First step is to get yourself a Git mirror of SVN (which will take a long time; do it overnight(s)):
$ git svn clone -T trunk -b branches -t tags
$ git gc
The second command compresses commits to reduce the size of your local Git copy, resulting in a cdk folder of about 300MB. Enter the directory, and check that it has the default master branch:
$ git branch
* master
In SVN one must always do a svn update before one starts coding. Similarly, in git you do (and I found this important to keep your local repository consistent):
$ git svn rebase
Committing has not changed, and a simple change would go via:
$ nano build.xml
$ git commit -m "Changed something, but too lazy to write up what I actually changed" build.xml
$ git svn dcommit
Now, before we move to setting up branches, one must realize that there are SVN branches and (local) Git branches. Keep that in mind, and consider that we have Git to realize how to keep them synchronized. The check the Git branches one uses git branch as shown above; to view the SVN branches, however, we type (which should produce a quite long list for the CDK; only a few listed below):
$ git branch -r
Here, the first is CDK trunk, the second a tag tags/cdk-2003-Oct-17, and the last two are the branches cdk-1.2.x and mesprague-iterators (no longer existing). I am not sure why the branches/ is missing here; some git-svn magic I presume.
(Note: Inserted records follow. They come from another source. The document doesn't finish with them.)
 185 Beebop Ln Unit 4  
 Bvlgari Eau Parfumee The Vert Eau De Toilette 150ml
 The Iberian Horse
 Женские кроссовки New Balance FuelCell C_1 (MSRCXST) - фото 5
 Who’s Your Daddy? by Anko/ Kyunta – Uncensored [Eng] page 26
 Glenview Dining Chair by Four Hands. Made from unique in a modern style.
Now, to create local Git branches that are synchronized with the SVN cdk-1.2.x and cdk-1.0.x branches, we type:
$ git checkout -b my-local-1.2 cdk-1.2.x
$ git checkout -b my-local-1.0 cdk-1.0.x
$ git branch
* master
You can now easily change branches with git checkout <BRANCH>, and check which SVN path you are working against with git log -1:
$ git checkout my-local-1.2
$ git log -1
commit 93bd0b22bbad31897eed6686e5b208c5e23505f7
Author: egonw
Date: Sun Sep 7 08:13:38 2008 +0000

Fixed inline citation (closes #1987947)

git-svn-id: eb4e18e3-b210-0410-a6ab-dec725e4b171
Inspection of the output shows the git-svn-id line which indicates that that patch was indeed commited against cdk/branches/cdk-1.2.x.

With this set up, I can easily changes between trunk and branches, and backport patches from trunk to the cdk-1.2.x branch (using git cherry-pick) and merge all commits to the branch into trunk using:
$ git checkout master
git merge cdk-1.2.x

Git does an excellent job here. It recognizes when the branch was last merged with trunk, and will not attempt to apply patches twice. Even better, it also recognized patches that were backported from trunk to the branch, and will not attempt to merge that either.
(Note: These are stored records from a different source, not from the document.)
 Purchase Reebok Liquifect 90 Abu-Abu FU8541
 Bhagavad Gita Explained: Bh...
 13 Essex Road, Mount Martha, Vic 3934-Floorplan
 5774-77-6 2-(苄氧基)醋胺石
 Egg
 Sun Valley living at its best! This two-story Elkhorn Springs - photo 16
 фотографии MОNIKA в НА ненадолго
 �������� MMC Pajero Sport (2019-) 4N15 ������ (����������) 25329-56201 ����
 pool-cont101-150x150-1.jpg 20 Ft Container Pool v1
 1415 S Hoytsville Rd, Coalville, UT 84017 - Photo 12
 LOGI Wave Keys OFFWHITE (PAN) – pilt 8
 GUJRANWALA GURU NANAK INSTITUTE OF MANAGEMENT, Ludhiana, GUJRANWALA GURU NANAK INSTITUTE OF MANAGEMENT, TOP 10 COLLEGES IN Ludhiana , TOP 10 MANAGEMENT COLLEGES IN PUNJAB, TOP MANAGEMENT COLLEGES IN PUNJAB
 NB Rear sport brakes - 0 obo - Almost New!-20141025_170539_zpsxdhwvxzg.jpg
The result: I can easily merge branches now, generally speeding up CDK development! For example, it reduces the time between someone submits a patch, and when I apply it to trunk (or cdk-1.2.x in case of a bug fix). I just set up a local branch, apply the patch, and tune until I am happy; I do not keep trunk unstable, as I am doing this in a separate branch. Similarly, if people develop there patch in an SVN branch, I can just as easily switch branches (as described above) and check things, before I merge).

Setting up new SVN branches
As far as I know, git-svn cannot create or delete new SVN branches. But this is easy enough with SVN command:
$ svn copy
$ git svn fetch
$ git checkout -b my-local-newbranch egonw-mynewbranch
$ # hack in my-local-newbranch
$ git commit -a
$ git svn dcommit
$ git checkout master
$ git merge my-local-newbranch
$ svn remove
Enough for now.

1 comment:

  1. Egon,

    Thanks for the tip and example. Git looks very interesting. Funny thing is, in his presentation Linus only manages to talk about two basic things:

    (1) the advantages making merges really easy, and

    (2) the advantages of a decentralized model for development

    And even so, I'm curious enough to give Git a try.